Semarang, Politika – Ikatan Mahasiswa Lembata Semarang telah menginisiakan diskusi tentang kebudayaan yang perharini nalai-nilai tradisi mulai terkontaminasi dengan arus globalisasi.

Hal ini dilakukan dengan forum bertajuk " Diskusi Publik Menjaga Identitas Budaya  dalam arus globalisasi : Peran mahasiswa dalam pelestarian nilai tradisi dan modernitas menuju indonesia emas" yang digelar di Kayon Kafe, Kota Semarang, Jumat (27/6/2025). 

Diskusi ini menghadirkan empat narasumber unggulan yang membahas bagaimana mahasiswa dapat berperan aktif menjaga warisan budaya sekaligus beradaptasi dengan perkembangan modernitas. Narasumber tersebut yaitu Dr. Ali Martin, Dekan Fisip Unwahas; pegiat media Panji Bumiputra; tokoh perempuan Imles, Grania Lamaking; dan aktivis mahasiswa, Iksan Salang. 

Turut hadir berbagai perwakilan organisasi daerah yang ada di Semarang, memperkuat sinergi antar mahasiswa dari berbagai latar belakang budaya dan daerah. Kehadiran mereka memperkaya diskusi serta memperluas jaringan kolaborasi dalam pelestarian budaya di era globalisasi.

Acara yang berlangsung penuh semangat ini diawali dengan penampilan seni tari tradisional dari kabupaten Lembata yang memukau para hadirin, sebagai simbol kuat pelestarian budaya di tengah derasnya globalisasi.

Ketua Umum Imles, Tamsil Lukman dalam sambutannya mengatakan kegiatan  diskusi publik ini bukan hanya  untuk sekedar bertukar pikiran, akan tetapi sebagai langka awal untuk  mediskripsikan budaya lembata.

"Ke depan kami akan  terus berbagi pikiran dan membangun kemitraan guna menindaklanjuti diskusi ini mungkin dalam bentuk ivent ataupun expo budaya.” kata Tamsil.

Dr. Ali Martin selaku bembicara pertama kemudian mengulas perkembangan globalisasi tak hanya membawa manfaat. Ia juga menantang eksistensi budaya lokal yang telah lama menjadi identitas bangsa. Maka, pentingnya oragnaisasi daerah giat menghidupkan kembali budaya daerahnya.

“Dengan demikian, globalisasi dan kebudayaan bukanlah dua kutub yang saling meniadakan, melainkan bisa saling menguatkan,” ucap Ali.

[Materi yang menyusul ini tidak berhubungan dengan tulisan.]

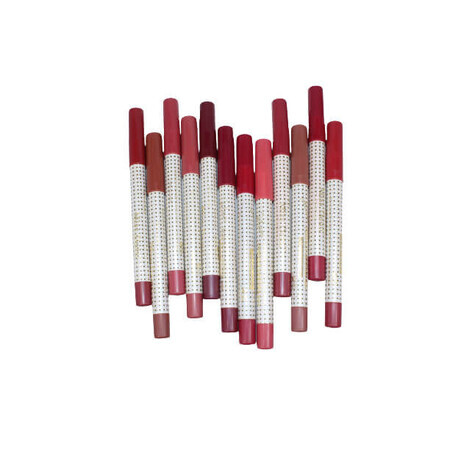 Set of 12 lip pencils, Miss Demi, Je T'aime, Waterproof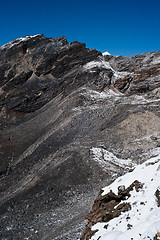 Image showing Mountain range view from Renjo pass in Himalayas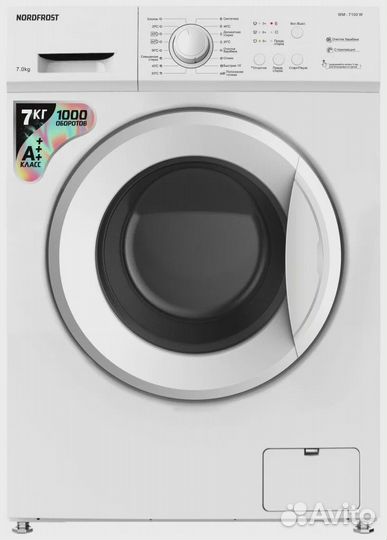 Стиральная машина NordFrost WM 7100 W Новая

Semetara Panji Bumiputera, manjabarkan media memiliki peran dalam menampilkan dan melestarikan budaya, globalisasi yang serba cepat ini. Ia bukan hanya sebagai penyampai informasi, tetapi juga sebagai jembatan antara masa lalu dan masa kini.

“Melalui media, budaya lokal yang mungkin sebelumnya hanya dikenal di lingkup terbatas kini bisa menjangkau lebih luas. Dengan pendekatan yang menarik dan mudah diakses, budaya sebagai bagian dari kehidupan sehari-hari, bukan sekadar tontonan seremonial,” jelas Panji.

Pemateri lain, Grania Lamaking memberikan materinya dengan pendekatan perempuan dalam  menjaga budaya di tengah arus globalisasi misalnya, mejaga adap, etika dan nilai-nilai budaya  sebagai pengguna media sosial.

“Perempuan sebagai pengguna media sosial memiliki kekuatan besar untuk menjaga nilai tradisi bahkan mempromosikan tradisi lokal yang relavan,” imbuhnya.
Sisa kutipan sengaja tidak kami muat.